With cyber security being the rage these days, choosing out of the many programs that are popping up with the promise of offering optimal protection becomes a dilemma. Even more, the choice between picking out a recommended antivirus and sticking with the more traditional way of protecting your computer via VPN offers more constraints.
It is tempting to entertain the thoughts of the coexistence since they are designed to offer protection. However, that peaceful coexistence you envisaged is mostly out of the window the moment these two tools are left alone.
Now, given the rivalry, it becomes paramount to find out which will best suit the purpose you have in mind. So, we have picked out a few tips on which is largely favoured by the ever-growing cyber security market and why it is.
What an Antivirus Does For You
The antivirus software has been known to save the day on countless occasions; hence they are quite effective in dealing with threats. But before we continue, it is important to address some of the threats that can be faced online.
The most common cyber threats are Trojans-which masquerades as useful apps but are in fact deadly viruses, Worms-which self-replicates, and Boot Sector Viruses. Some others come in forms of malware such as DNS attacks, Hacking, Identity thefts and Phishing scams.

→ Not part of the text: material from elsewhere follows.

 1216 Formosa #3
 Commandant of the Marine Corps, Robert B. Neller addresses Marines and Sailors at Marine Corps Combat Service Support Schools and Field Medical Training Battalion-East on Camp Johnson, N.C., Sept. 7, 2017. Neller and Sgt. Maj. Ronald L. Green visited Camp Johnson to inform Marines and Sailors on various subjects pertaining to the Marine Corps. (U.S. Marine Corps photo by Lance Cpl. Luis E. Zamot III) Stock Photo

So, given that each time you open any file, web page or a new app, a new code is introduced to your device’s processor, the susceptibility of your device to these threats is high. A good antivirus program protects your device by initiating a scan through your device and all running programs to pick out the odd one.
A good antivirus is well equipped with a firewall, Secure Sockets Layer (SSL) monitoring and Site Advisors features. In some of the more advanced antivirus programs, whitelists are additionally featured.
The SSL monitoring feature works in the capacity of monitoring sites and connections to your device. With the site advisors, an antivirus program will point out the security of the sites you visit- even the reliability of your VPN network. After all, VPNs are to be downloaded.
However, with the newer forms of malware and cyber threats popping up, keeping up with this speed is the most difficult for even some of the leading antivirus programs. Hence, VPNs are often left to take charge.
How VPNs Save the Day
The fact that many antivirus developers and companies go extra miles to advocate for the addition of a VPN to their entire protection packages show that VPNs are the new definitions of reliability in cybersecurity.
Now, while the effectiveness of the antivirus software is not in doubt, these programs are not specially designed to effect device-to-device data encryption. Hence, even if your device will not be ravaged by viruses, there is little possibility that hackers would not be able to get their hands on your personal data via internet connections.
Even so, antiviruses are not designed to run without periodical updates and they do nothing to encourage anonymity on the internet. So, they can protect your phone, censor your sites but would never conceal your IP address.
Government censorship on the sites not to be frequented by citizens is popular these days. An example of such is the ban on visitation of cryptocurrency networks. A VPN network would use tunnelling to encrypt your data such that all becomes classified to outsiders and high profile hackers.
Even more, some VPNs come with high-level security measures (i.e. firewalls, site advisors and more) which of course encapsulates some of the work done by antivirus programs. A bonus is that with the best VPNs, you get access to a large number of fast servers in different countries.
While the VPN market is generally expanding and is more enticing, it is not entirely out of place to run an antivirus program for additional protection. Bearing in mind that there might be some revolts when they are placed together, they are nothing minor tweaks cannot fix.